== Dataset entries

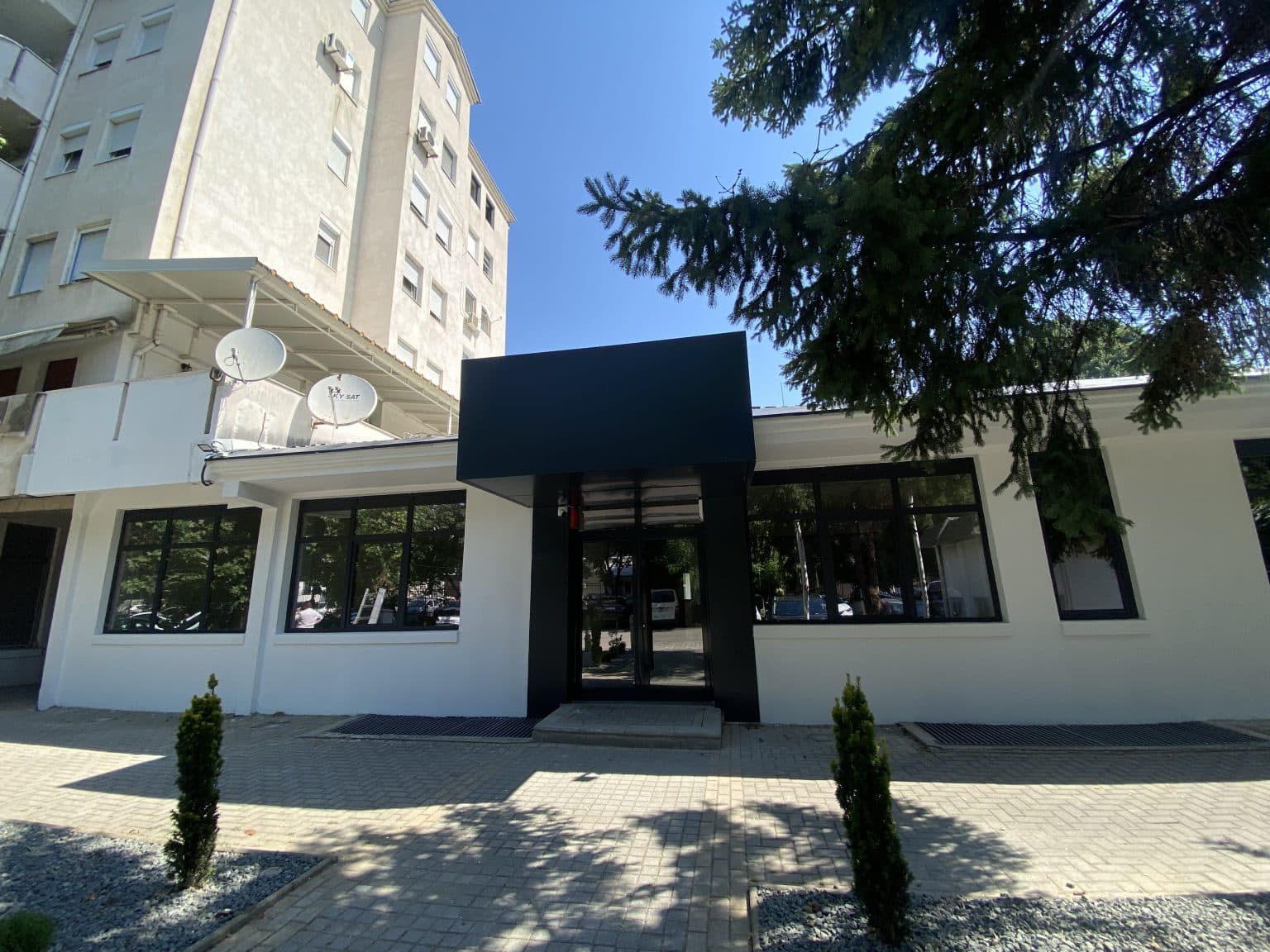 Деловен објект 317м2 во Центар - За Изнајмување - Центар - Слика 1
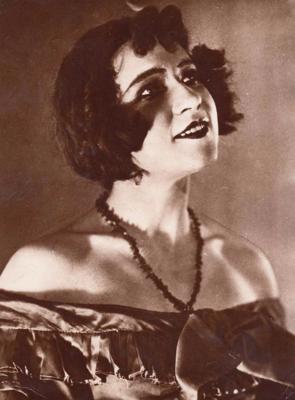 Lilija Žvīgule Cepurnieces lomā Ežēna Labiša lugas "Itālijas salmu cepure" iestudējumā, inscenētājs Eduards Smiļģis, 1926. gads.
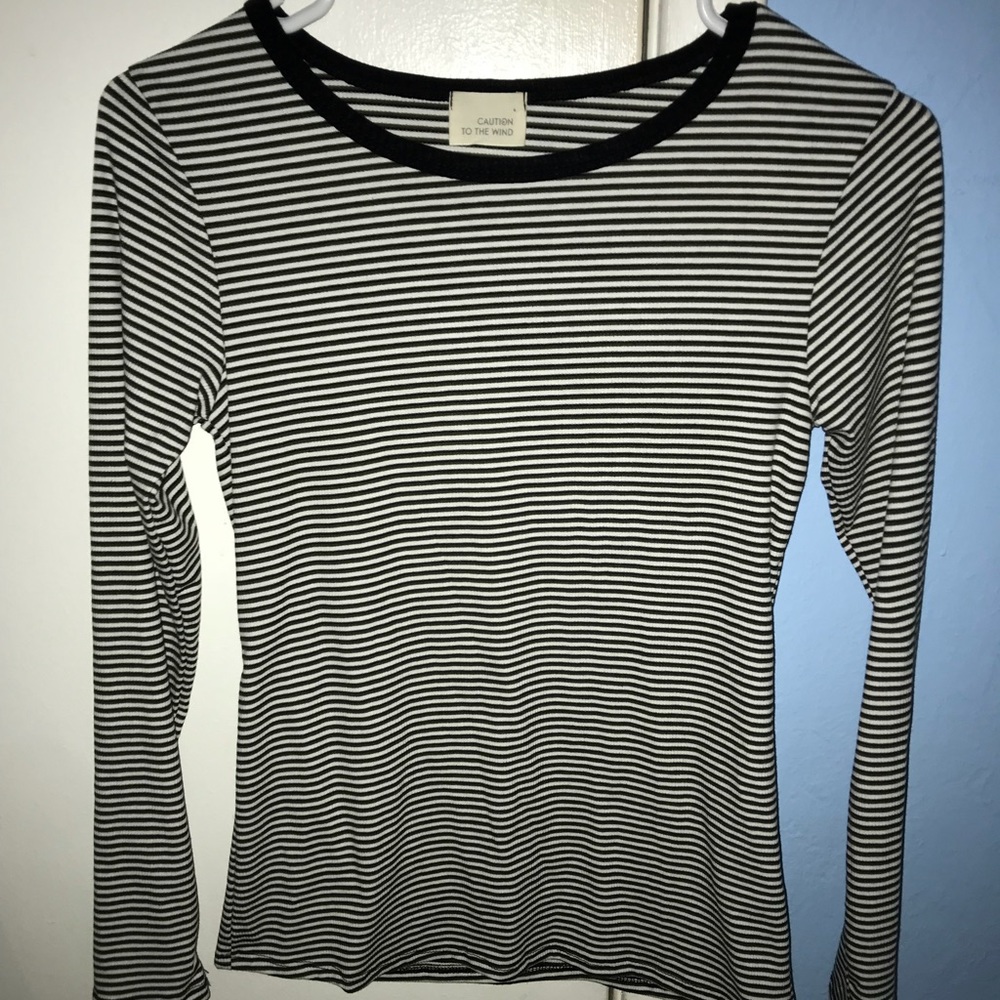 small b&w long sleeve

====
== Dataset entries

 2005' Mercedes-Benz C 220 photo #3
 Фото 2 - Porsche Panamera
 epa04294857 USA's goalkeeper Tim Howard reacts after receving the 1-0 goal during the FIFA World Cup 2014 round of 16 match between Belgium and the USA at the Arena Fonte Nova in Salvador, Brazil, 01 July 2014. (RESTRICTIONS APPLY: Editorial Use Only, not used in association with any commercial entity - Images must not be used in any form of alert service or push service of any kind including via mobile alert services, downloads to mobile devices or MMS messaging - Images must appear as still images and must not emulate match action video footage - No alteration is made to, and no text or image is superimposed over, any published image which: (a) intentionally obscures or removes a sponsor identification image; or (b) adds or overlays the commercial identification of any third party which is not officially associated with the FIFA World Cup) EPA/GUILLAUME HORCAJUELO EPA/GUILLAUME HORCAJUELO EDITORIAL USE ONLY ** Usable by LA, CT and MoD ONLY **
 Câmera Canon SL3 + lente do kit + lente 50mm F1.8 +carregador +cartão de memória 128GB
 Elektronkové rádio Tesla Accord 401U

====

From the records above, copy exactly the stretch from the line holding "Lilija Žvīgule Cepurnieces" through the line holding "small b&w long sleeve", both ends included, without the pictures.

| Exercise output |
 Lilija Žvīgule Cepurnieces lomā Ežēna Labiša lugas "Itālijas salmu cepure" iestudējumā, inscenētājs Eduards Smiļģis, 1926. gads.
 small b&w long sleeve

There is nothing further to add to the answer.